By Frank Higginson02 Jun 2009

We regularly receive enquiries about whether a body corporate project involves maintenance or an improvement to common property. Unfortunately, the distinction between the two can be difficult. However, the position is now much clearer, especially regarding painting.

Whether painting falls within the definition of ‘maintenance’ or an ‘improvement’ of common property basically depends on the type of colour used.

In a recent decision the adjudicator decided that painting the exterior of the common property in a new colour scheme was an ‘improvement’ and required a special resolution of the body corporate. This was because the new colour scheme was not a simple replacement of what previously existed.

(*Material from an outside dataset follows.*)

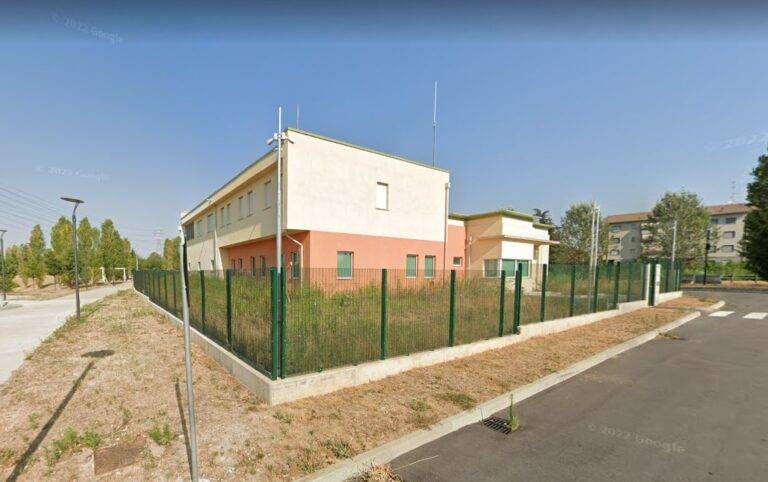 arese caserma 768x482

Further, the reason for the change of colour was not just to make repairs, but also to increase the value of the scheme by using more modern colours.

The adjudicator also determined that if the body corporate were to re-paint the building in the existing colour scheme this would simply be maintenance of the common property and only require an ordinary resolution if the cost of the painting was above the committee’s spending limit.

Painting has been found to be a maintenance issue when it involves ‘repainting’ or ‘touch ups’ to an existing colour scheme.

As a general rule:

  • Maintenance includes a repair that leaves the item largely unchanged, and the replacement of an item that cannot be repaired.
  • An ‘improvement’ is the addition or alteration of a thing so that a new item is created.